> _SUPPLIED DATA_
########################################

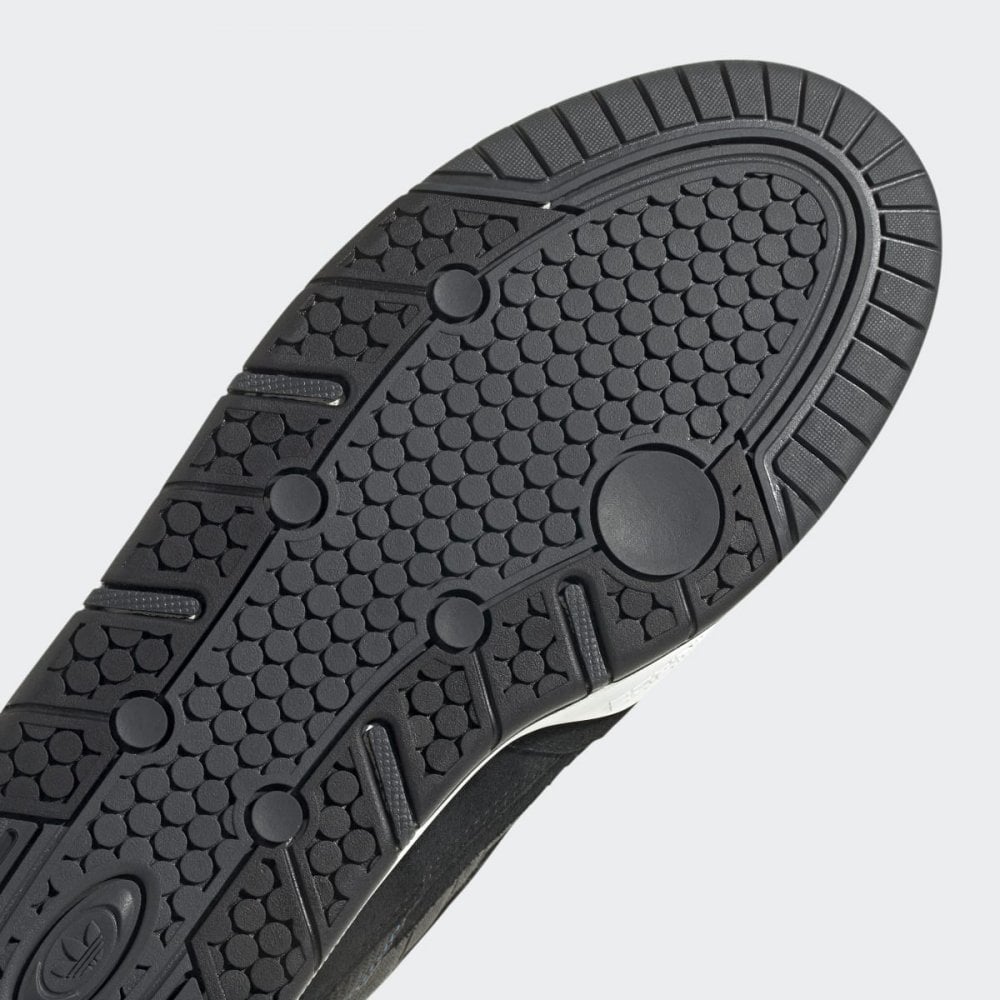 ADI2000 - Core Black / Grey / Crystal White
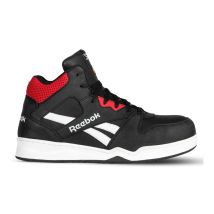 Veiligheidsschoen Reebok Inspire IB4132 S3
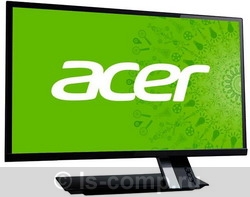������� Acer S275HLbmii UM.HS5EE.003 ���� #1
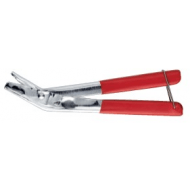 Spit ploggi anker tang midi Spit ploggi anker tang midi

########################################

> _PROMPT_
Copy verbatim the span that opens at the line with "UM.HS5EE.003 ���� #1" and closes at the final line of the listing. Do not carry over any pictures.

> _WORKED SOLUTION_
������� Acer S275HLbmii UM.HS5EE.003 ���� #1
 Spit ploggi anker tang midi Spit ploggi anker tang midi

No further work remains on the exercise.